Finally, the housing contains an electronic pulse generating
microprocessor-based circuit 40, as appears to more fully below,
and a heartbeat simulating transducer 42.
[0031] Transducer 42, as shown in FIGS. 5-6, comprises an
electromagnet 44 which includes a core 46 around which the windings
of electromagnet 44 are wound. The windings are confined by a pair
of spool ends 48 and 50 which serve as a means for securing
electromagnet 44 to a support 52. Support 52 is made from a
generally T-shaped sheet of ferromagnetic material such as iron or
steel. As can be seen most clearly in FIG. 6, the sheet is bent to
form a pair of magnetic flux conducting members 54 and 56 and a
spring support 58 (FIG. 6).
[0032] Electromagnet 44 actuates a ferromagnetic bob 60 which is
mounted on a ferromagnetic strip 62 by epoxy or any other suitable
adhesive. Strip 62, in turn, is riveted by rivets 64 to spring 66
which, in turn, is riveted by rivets 68 to support 58. The spring
constant of spring 66 is such that upon the application of a pulse
to electromagnet 44, bob 60 will be attracted toward but will not
make mechanical contact with the top surfaces 70 and 72 of members
54 and 56. Thus, no clicking sound (or any substantial sound, for
that matter) will be produced by the application of pulses to
electromagnet 44, even though bob 60 is periodically displaced by
electromagnetic force and springs a back on the removal of such
electromagnetic force.
[0033] A typical driving voltage is illustrated in FIG. 7. As can
be seen from FIG. 7, the pulses alternate between a higher
amplitude pulse 74 having a relatively low frequency content and a
smaller amplitude pulse 76 having a relatively high frequency
content, as illustrated in FIG. 7. As these pulses are applied to
transducer 42, the result is to deflect the mass of bob 60.
Deflection of bob 60 causes relative movement of housing 14 with
respect to bob 60. This gives an individual in contact with housing
14 the impression of a beating heart, as heart-shaped housing 14
vibrates backwards and forwards in the chest of bear 10.

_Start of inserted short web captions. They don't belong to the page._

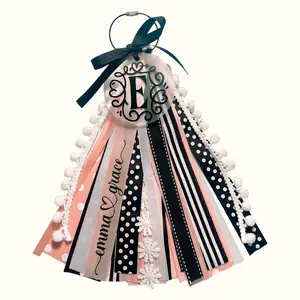 Personalized Ribbon Bag Tags - 10 in.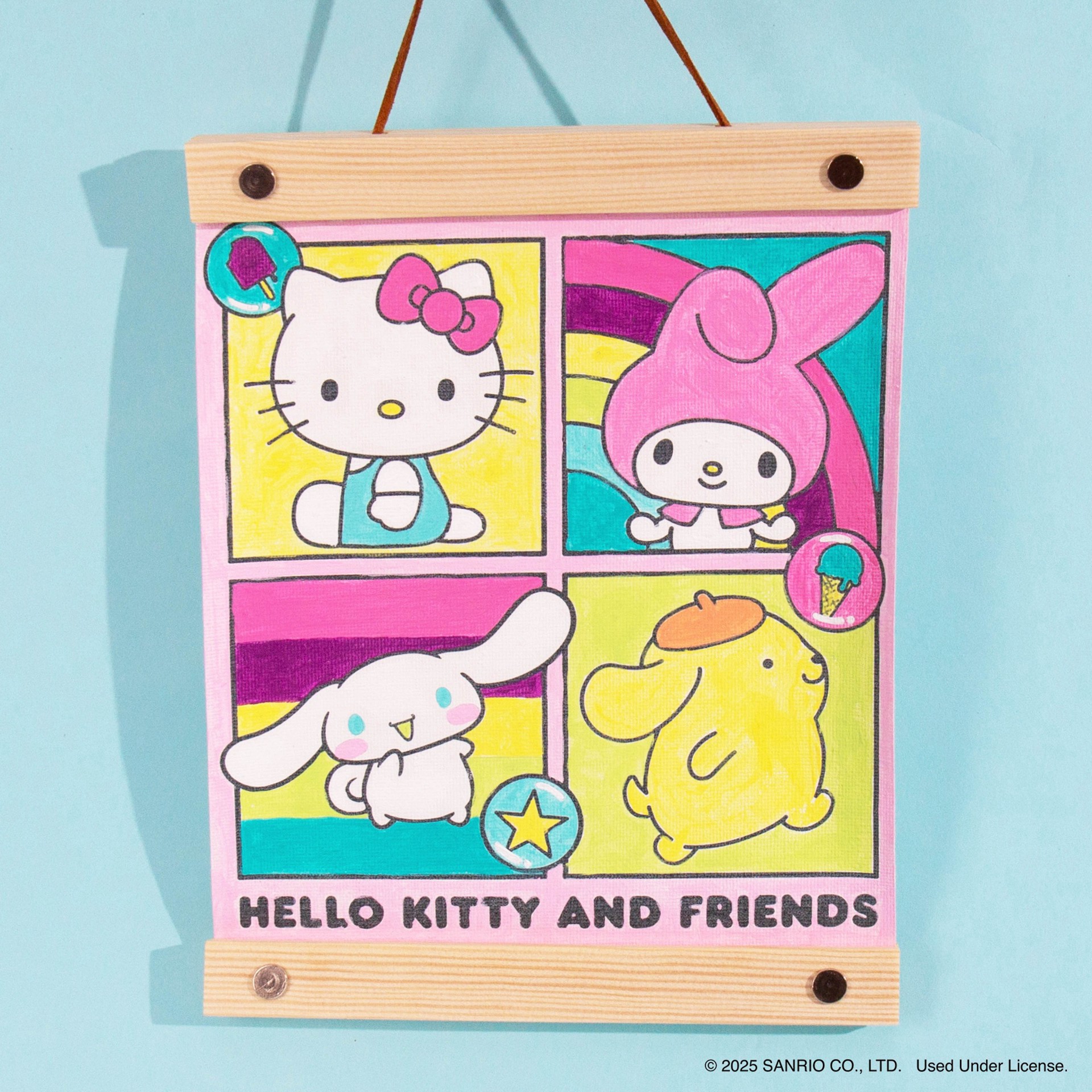 slide 4 of 5, Hello Kitty & Friends Paint By Number Kit, 1 ct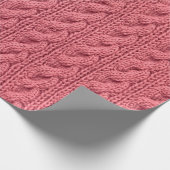 Nah-up der Muster der Pullover-Textur. Geschenkpapier (Ecke)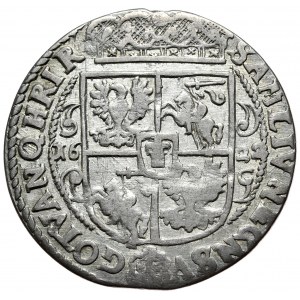 Zygmunt III Waza, ort 1622, Bydgoszcz, PRVxM+, interpunkcja na awersie w formie krzyżyków, nieopisany
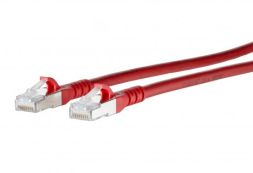 METZ CONNECT ISO/IEC 10G AWG26 2xRJ45 red 15.0m patch cable Cat6A, 130845A566-E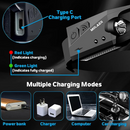 Tira de luces LED para cabeza de barbero, color negro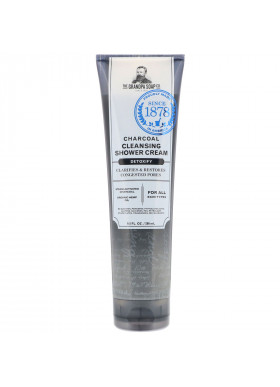 Grandpa's, Charcoal Cleansing Shower Cream, Detoxify, 9.5 fl oz (280 ml)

[0034] In accordance with the present invention, the algorithm for
implementing the invention may take a number of forms, as described
above. More particularly, for example, the algorithm employed may
be that illustrated in FIG. 8. The operation of the system is
implemented at step 110 upon the actuation of switch 30. The time
that switch 30 is actuated is measured at step 112. If the duration
of time during which switch 30 is actuated is to determine the
number of heartbeats to be output by transducer 42, the time may be
measured by a series of threshold time periods, each of which is
associated with the production of a particular number of beats up
to the maximum number of beats which is triggered at the maximum
threshold.
[0035] Accordingly, at step 114, the system determines whether
successive thresholds have been reached for so long as switch 30 is
actuated. Each time a threshold is reached, that information is
stored in a register at step 116. Simultaneously, the system
determines whether the maximum threshold has been reached at step
118. If the maximum threshold has not been reached, the system
returns to step 112. Likewise, as the various steps are achieved
and registered at step 116, a duration indicator is actuated at
step 120 with the system returning to the time measurement step
112. In accordance with this embodiment of the inventive system, at
step 120 duration indicating pulses are sent to the transducer 42.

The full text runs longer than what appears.